Over 700,000 immigration cases were already backlogged and Trump's shutdown is adding up to 20,000 to that number every week for a total of nearly 60,000 by the end of this week or more than 100,000 if the shutdown continues beyond that.

Some 42,726 immigration court hearings have been cancelled since Trump withdrew his support for a government funding bill in late December, according to the Transaction Records Access Clearinghouse (TRAC). [...]

Roughly 5,600 cases were dumped to the back of the line in the first four days after government funding ran out. By the end of the following week, the total had tripled. Last week — the third of Trump’s shutdown — the total nearly tripled again.

TRAC forecasts that the rate of case cancellations has now stabilized. If the shutdown continues through the end of this month, some 108,112 total immigration cases will have been knocked off the schedule in just five calendar weeks.

While this is taking place, Border Patrol agents are also working without pay and one would guess they may not be as diligent on the duty when they aren't earning anything for it.

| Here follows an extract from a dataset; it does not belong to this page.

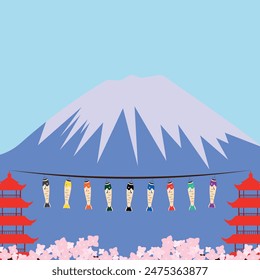 Ilustración vectorial de tarjetas de felicitación de la Semana Dorada. Koinobori, sakura y montaña Fuji en el fondo de patrón tradicional japonés.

All things considered -- including the possibility that over 100,000 immigrants will remain in the country because their court dates were canceled -- it seems plausible to me that Trump's government shutdown will result in more immigrants remaining in the country than his fantasy border wall would ever keep out.

Unfortunately, I don't think we can say this is a strictly good or bad thing, because while some immigrants will be granted a reprieve from deportation, just as many could face longer stretches in indefinite detention as a result.